§ **The task**: From the first line to the last, please reproduce the material exactly, skipping the pictures.

§ **Data shown**:
'''

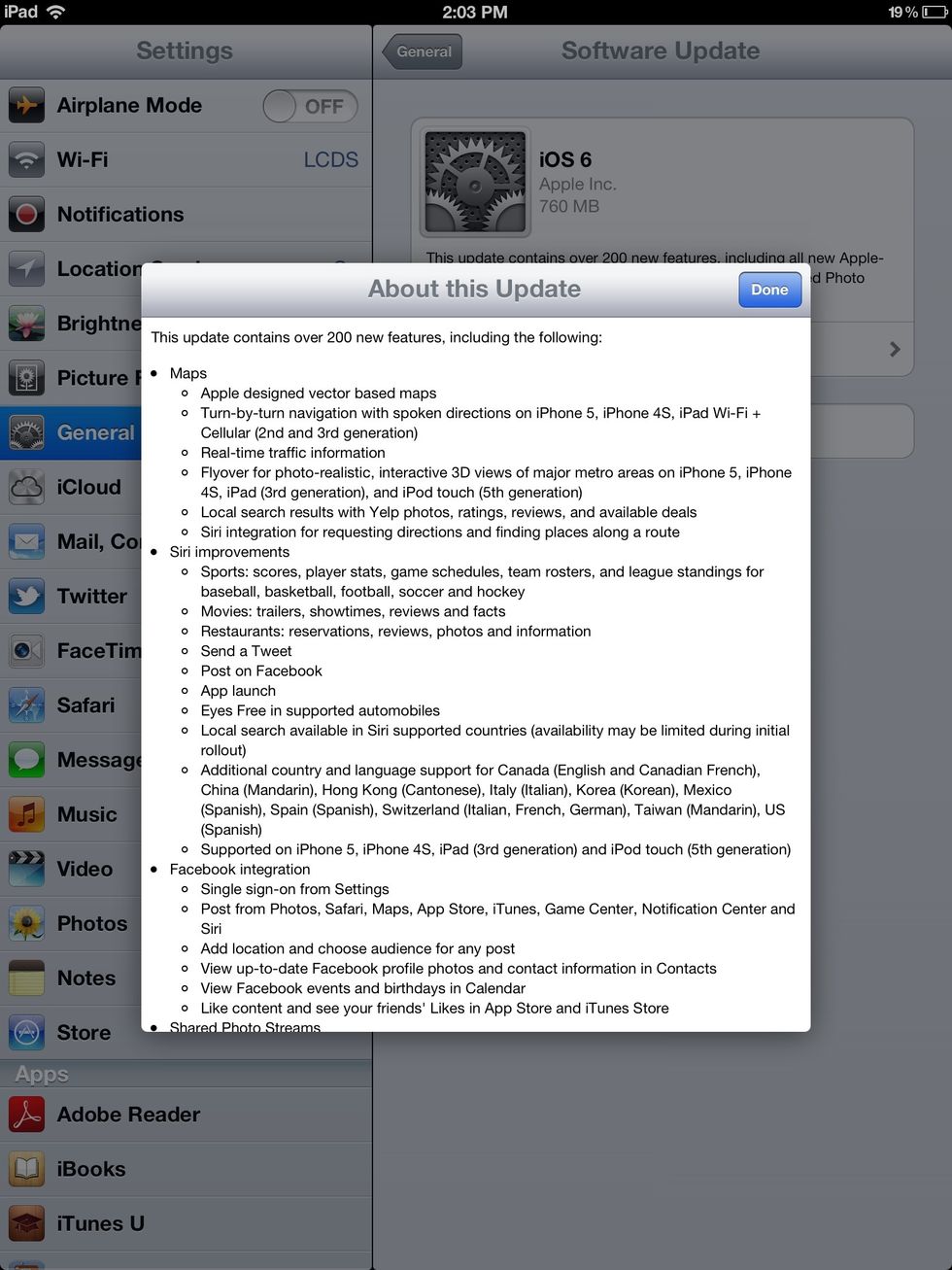 Need to pass the time?  Click on About this Update. You can scroll through the list of 200 new features while you wait.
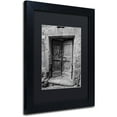 thumbnail image 2 of Trademark Fine Art "Siena Door" Canvas Art by Moises Levy Black Matte, Black Frame, 2 of 2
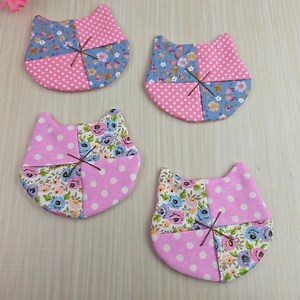 329K views · 5.5K reactions | How to Make a Patchwork Cat Shape from Fabric Scraps ✨ #PatchworkCat #FabricScrapProject #DIYCoasters #SewingForBeginners #CuteCraftIdeas | Modelist/Terzi Hatice DEMİR | Facebook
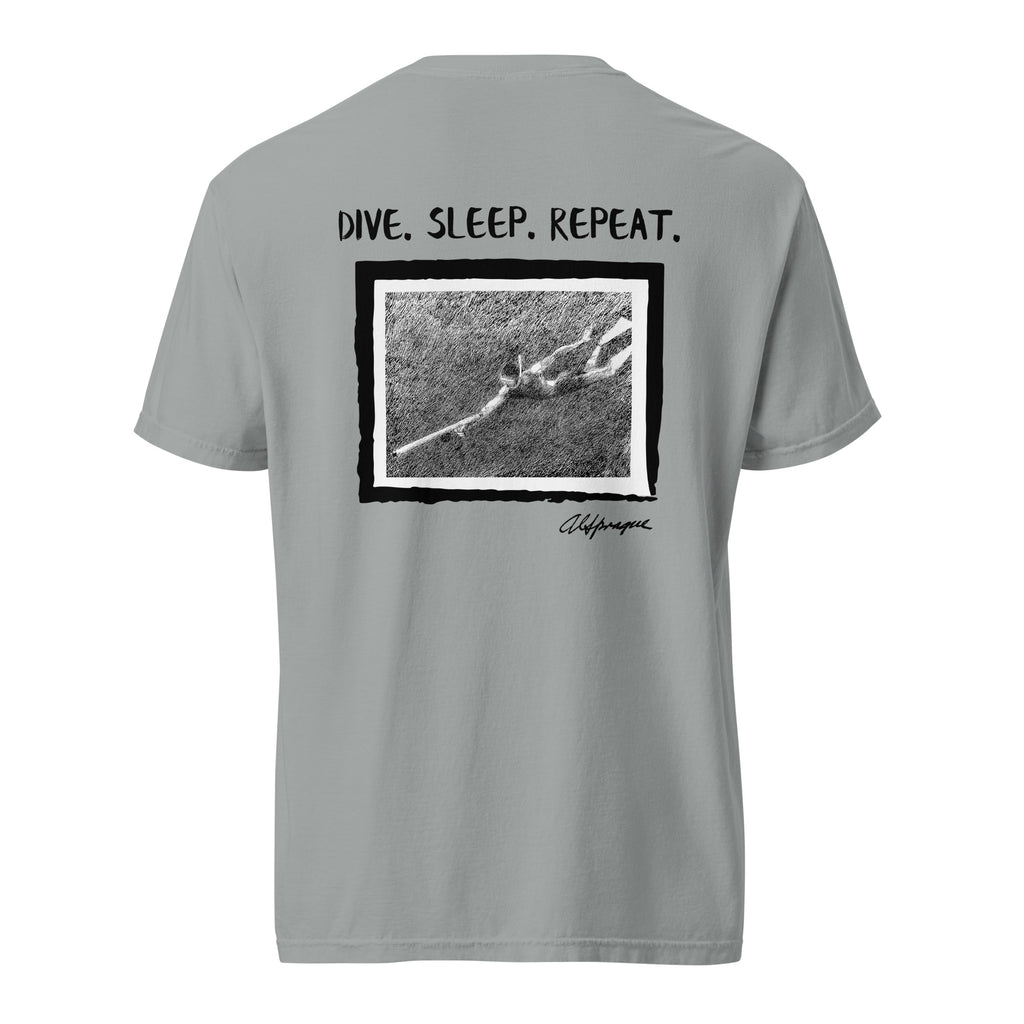 "Dive. Sleep. Repeat." Tee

'''

§ **Task response**:
 Need to pass the time?  Click on About this Update. You can scroll through the list of 200 new features while you wait.
 thumbnail image 2 of Trademark Fine Art "Siena Door" Canvas Art by Moises Levy Black Matte, Black Frame, 2 of 2
 329K views · 5.5K reactions | How to Make a Patchwork Cat Shape from Fabric Scraps ✨ #PatchworkCat #FabricScrapProject #DIYCoasters #SewingForBeginners #CuteCraftIdeas | Modelist/Terzi Hatice DEMİR | Facebook
 "Dive. Sleep. Repeat." Tee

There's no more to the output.